As books editor, Doyle expressed appreciation for his predecessors, following in the footsteps of renowned writers and journalists such as Fintan O’Toole, Caroline Walsh, John Banville and Brian Fallon to name but four. Doyle describes literature as “an area in which Ireland has always excelled, perhaps never more than now in terms of the breadth of talent currently at work,” emphasising how Ireland currently boasts a fertile literary landscape. With the current boom in Irish literature, publishing, and readership; journalistic roles such as Doyle’s are crucial in promoting Irish writers, as well as prompting discussion about their work. 

Getting started

Figuring out what to do after college is likely a stressful burden for aspiring journalists, but Doyle underlines the importance of finding ways to hone your craft wherever you can. After graduating, he did work experience with his local paper, the Banbridge Chronicle: “My first assignment was to interview a civil servant on his retirement, ho-hum.” However, this task entailed more than expected, as this retiree “had braved picket lines and death threats to keep the lights on during the 1974 Ulster Workers’ Council strike that brought down the power-sharing government in the North.
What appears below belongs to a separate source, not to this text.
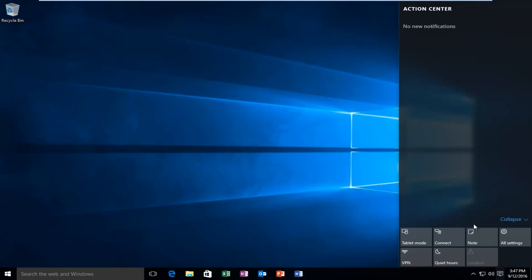So if for some reason you wanted to disable it, as if you were getting a lot of notifications and you didn't want to disable each individual app, we're going to be going through in this tutorial how to do it. So now I'm going to be showing also how to enable the Action Center as well.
He was a hero in a suit with a great story to tell.” Doyle then went on to work in London at “small Irish papers that had a big reach – The Irish World, The Irish in Britain News, and the Irish Post,” as these gave him the chance to “cover big stories and events across a number of different fields.” He covered a wide range of different stories, from sporting events to the Dancing at Lughnasa premiere at the National Theatre in London, all within a few months.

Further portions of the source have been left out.